The city of Krakow has recognized Steven Spielberg for his efforts to preserve parts of the former ghetto where he filmed much of his Oscar-winning "Schindler's List."
Spielberg was named a prestigious "Patron of Culture" for 2004 in a ceremony late Tuesday, Krakow spokesman Filip Szatanik said.
The city cited the director's donation of $40,000 to preserve the former Pod Orlem pharmacy, whose owner risked his life to help Jews of the ghetto.
"We are trying now to revitalize old Jewish districts in Krakow where people lived before the war," Szatanik said, adding that the award was one of the most important that the city bestows. "This support from Mr. Spielberg will help us to do this better."
The pharmacy owner, Tadeusz Pankiewicz, was the only non-Jew who remained in the ghetto during the entire Nazi occupation.

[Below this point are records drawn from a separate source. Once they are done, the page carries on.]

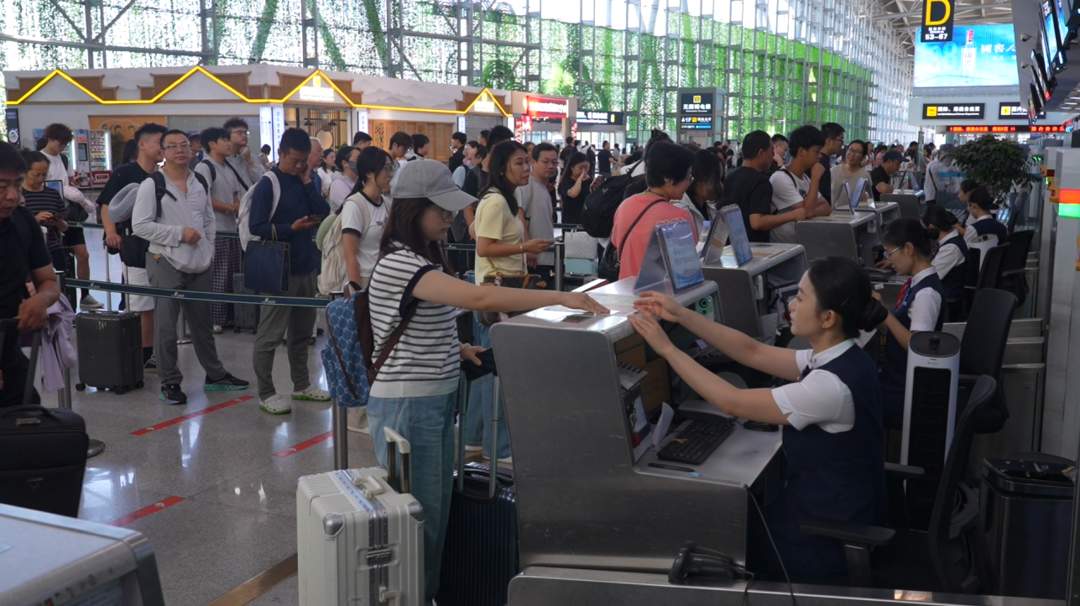 暑运新逻辑：从“等客来”到“随客走”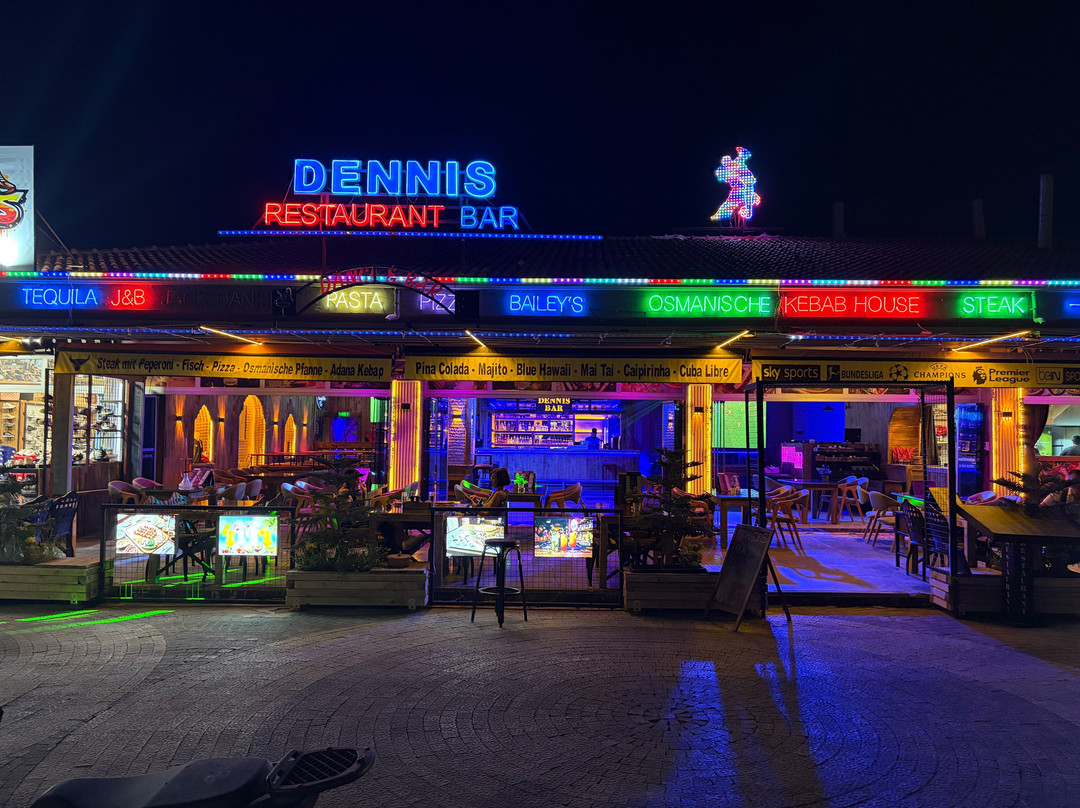 Dennis Restourant And Bar
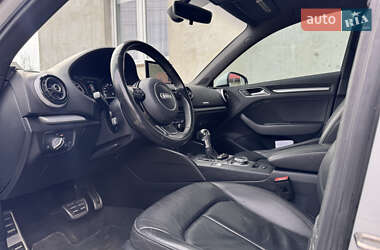 Хэтчбек Audi A3 2016 в 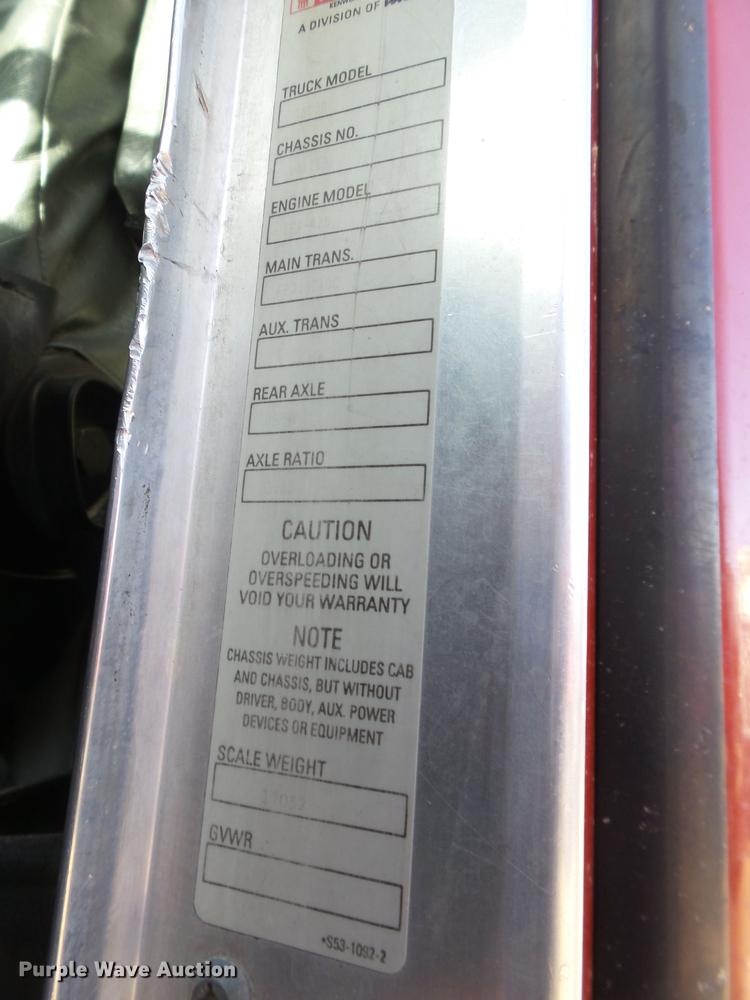 image for item DE1392 2005 Kenworth T600 semi truck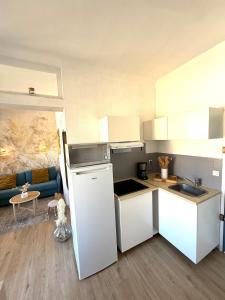Appartement bord de mer tout équipé 4 personnes ,1 lit double et 1 lit superposé, accès direct plage, climatisation, parking privé gratuit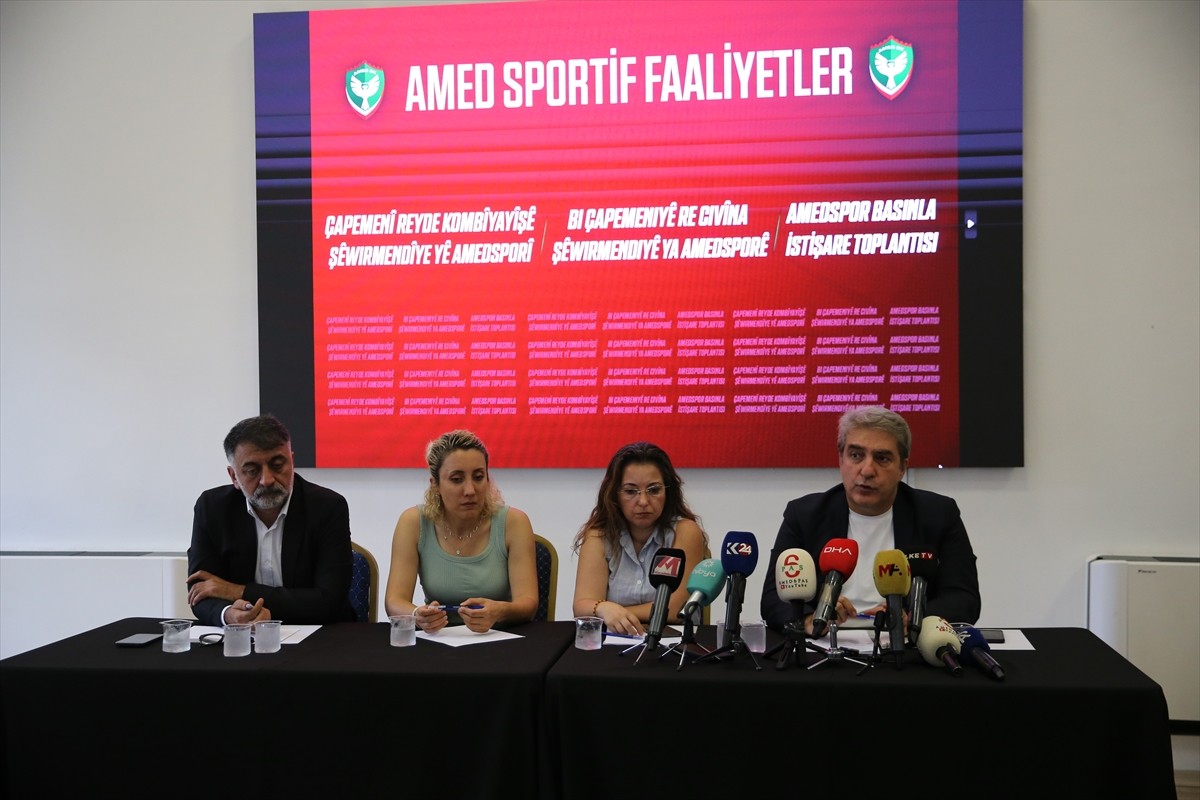 Trendyol 1. Lig ekiplerinden Amed Sportif Faaliyetler, 2025-2026 sezonu formalarını tanıttı. Amed...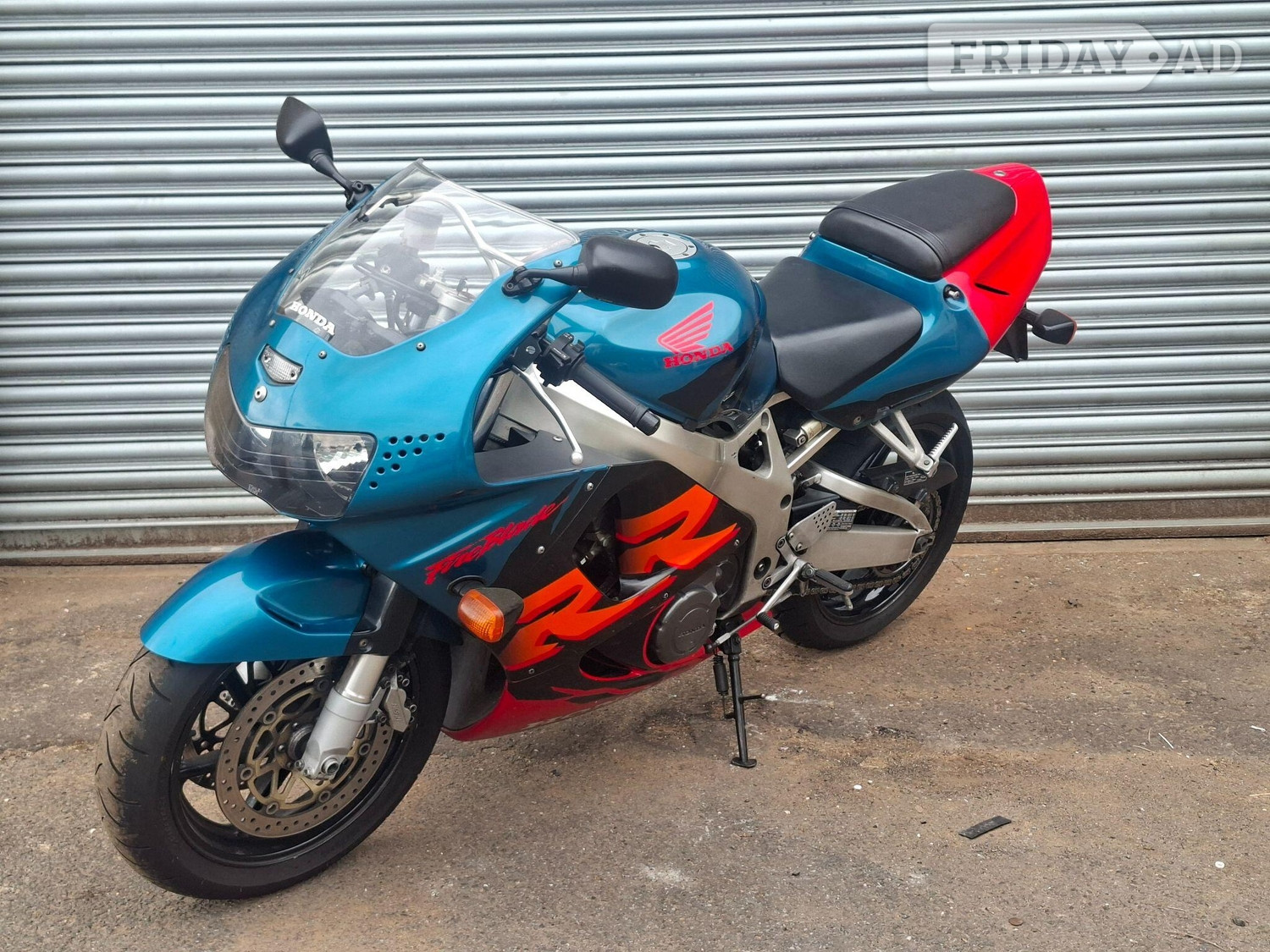 [ berth ]Honda CBR900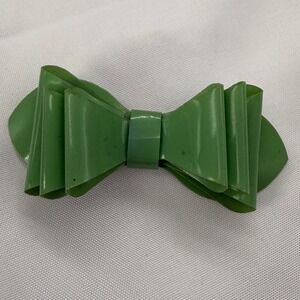 Vintage Green Plastic Bow Brooch Mid Century Accordion Layered Pin Accessory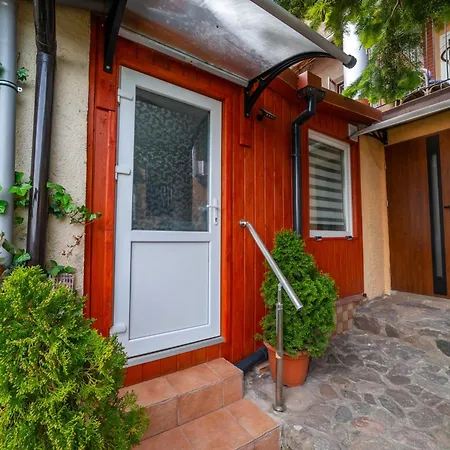 Zeglarza Przy Promenadzie, * Mikołajki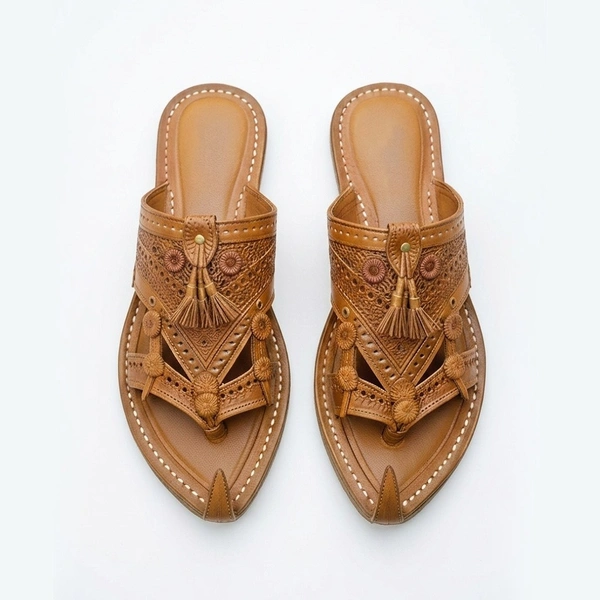 ClyPa Authentic Kolhapuri Shahu Chappal — Royal Indian heritage, hand-braided leather, built to last.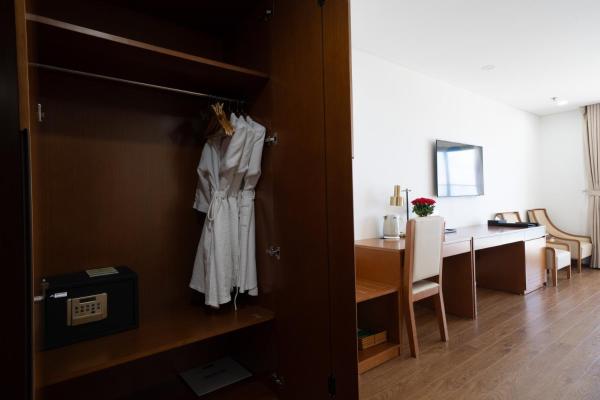 Phòng Deluxe Đôi Nhìn ra 1 Góc Biển
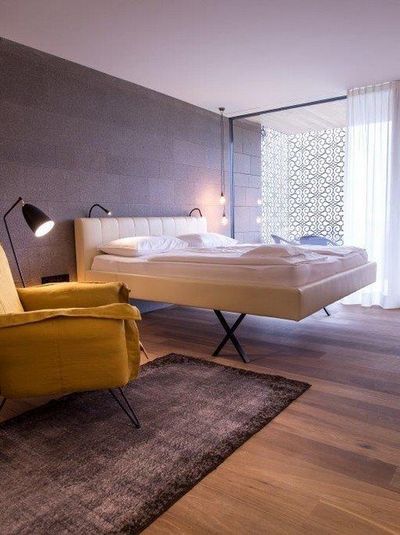 Hofer Referenzen Hotel Muchele Veranda Suite Gelb
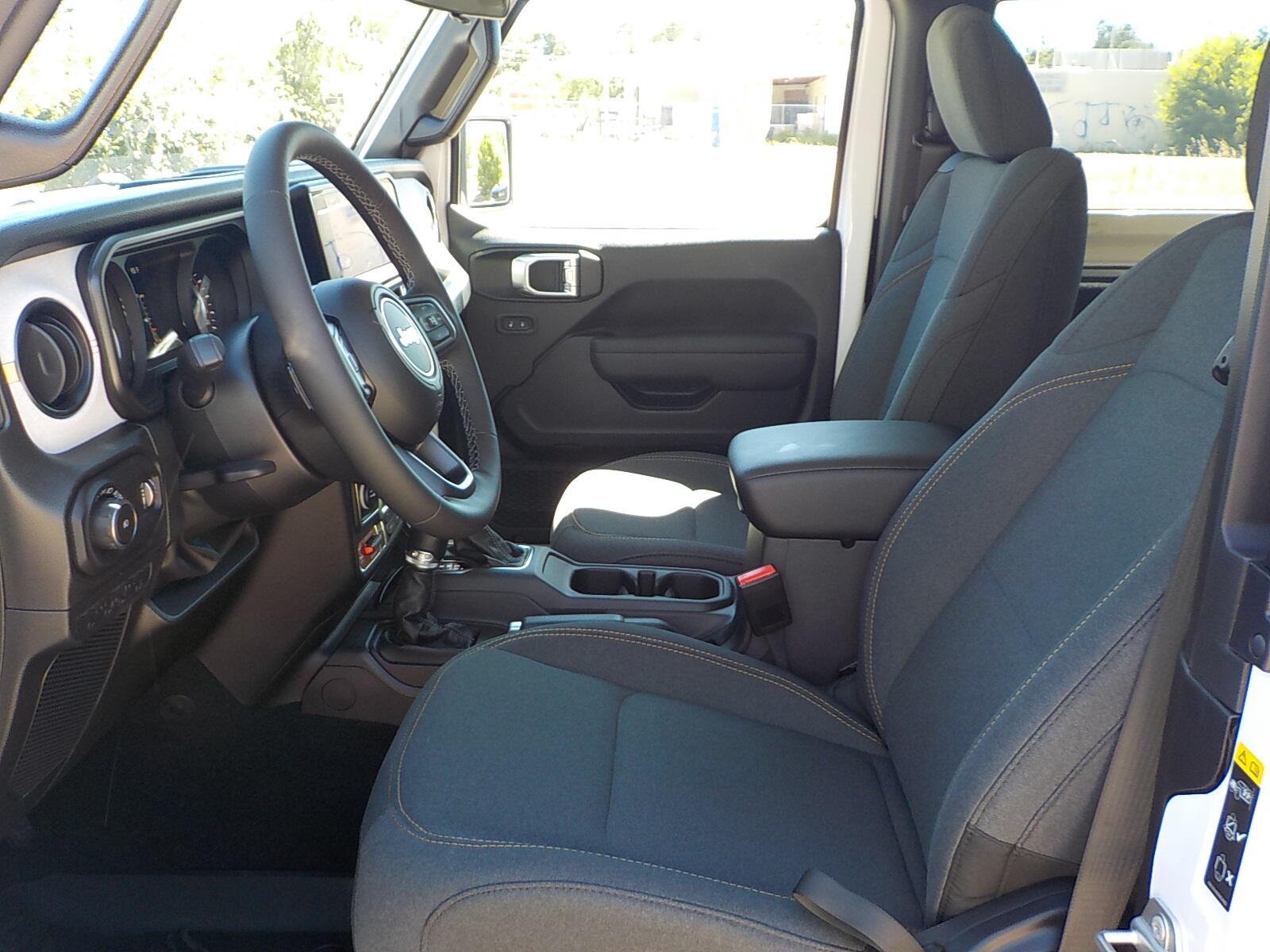 Used 2025 Jeep Wrangler Sport AWD/4WD image 8
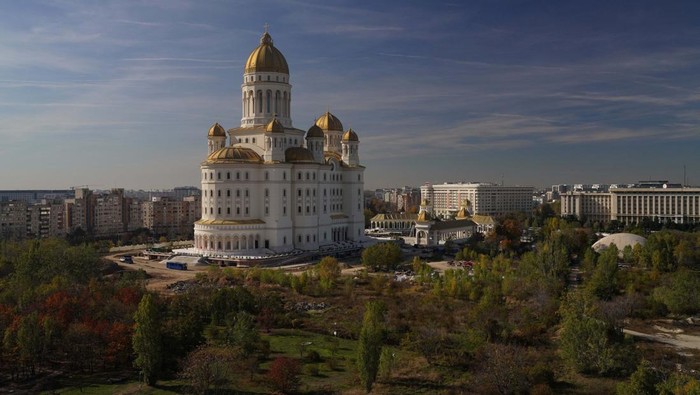 People wait in line to visit the National Cathedral, the world's largest Orthodox church, in Bucharest, Romania, October 30, 2025. REUTERS/Andreea Campeanu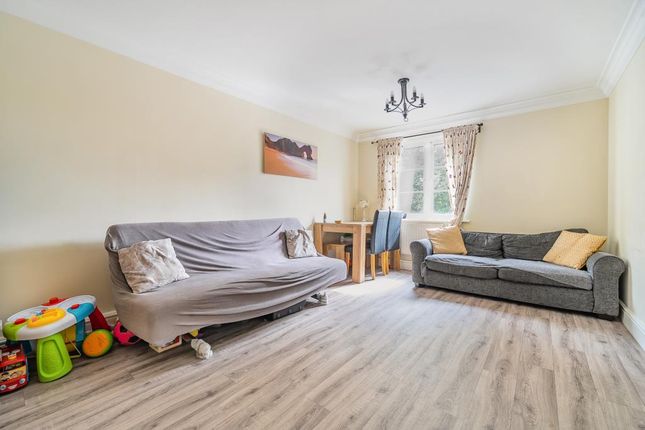 Flat for sale in Central Reading, Popular Town Centre Development
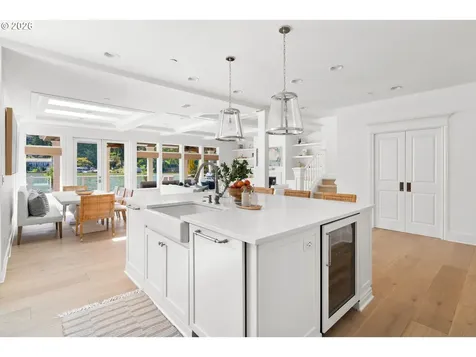 616 Cabana Lane Lake Oswego OR 97034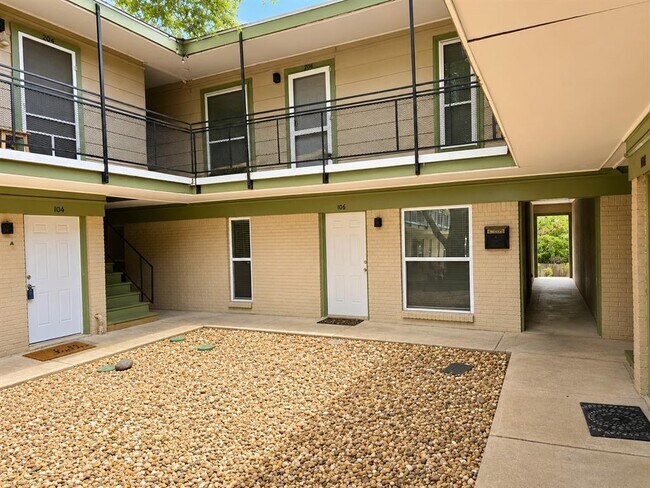 Foto del edificio - 2021 Bluebonnet Ln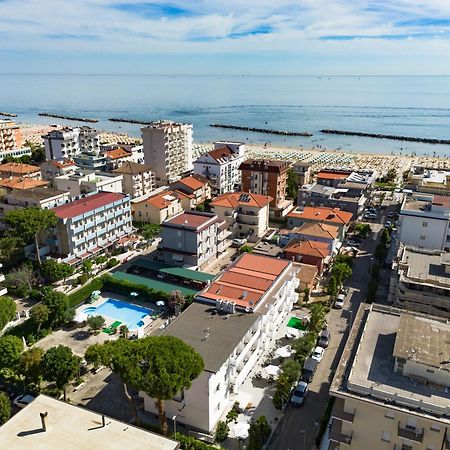 Hotel Vannini Rimini Buitenkant foto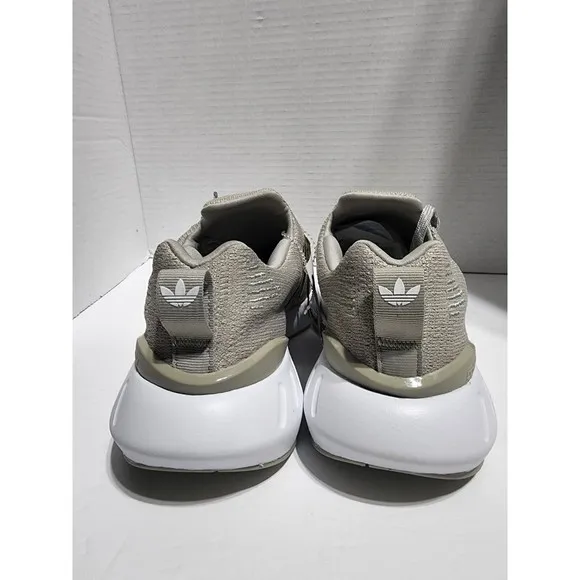 New Adidas Original SWIFT RUN 22 J Running Shoes AUTHENTIC US Size 6Y [GZ0797]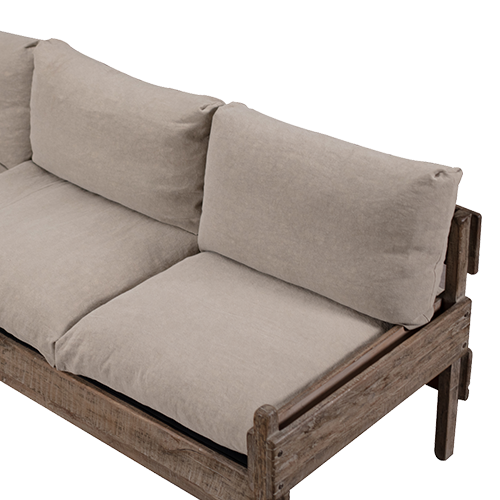Sofá exterior de 3 plazas, vista en ángulo: cojines beige y base de madera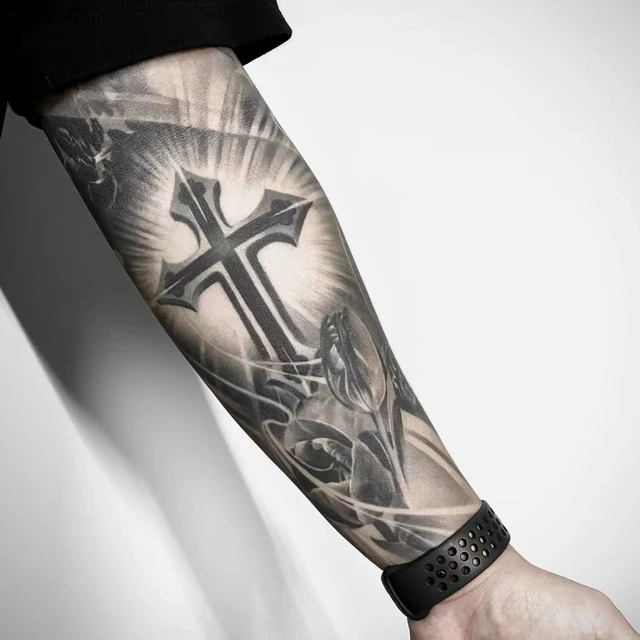 20 Most Popular Small Cross Tattoos | Small cross tattoos, Celtic cross  tattoos, Cross tattoo for men
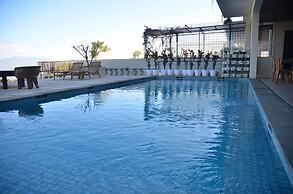 JadenHill CityView 8BR Villa Heated Pool+Movieroom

He provided food and medicine to the Jewish population and helped some residents escape.
Pankiewicz described the experience in his book, "The Pharmacy in the Krakow Ghetto."
The city will send Spielberg the award — a small bronze statue representing Stanczyk, a 16th-century court jester who served as adviser to Poland's King Zygmunt III.
Director Roman Polanski, who is a survivor of Krakow's ghetto, also has donated to the preservation of the pharmacy, which was converted into a museum in 1983.
Krakow is helping to build a museum in the factory where Oskar Schindler — the subject of Spielberg's 1993 film — shielded more than a thousand Jews during the Nazi Holocaust.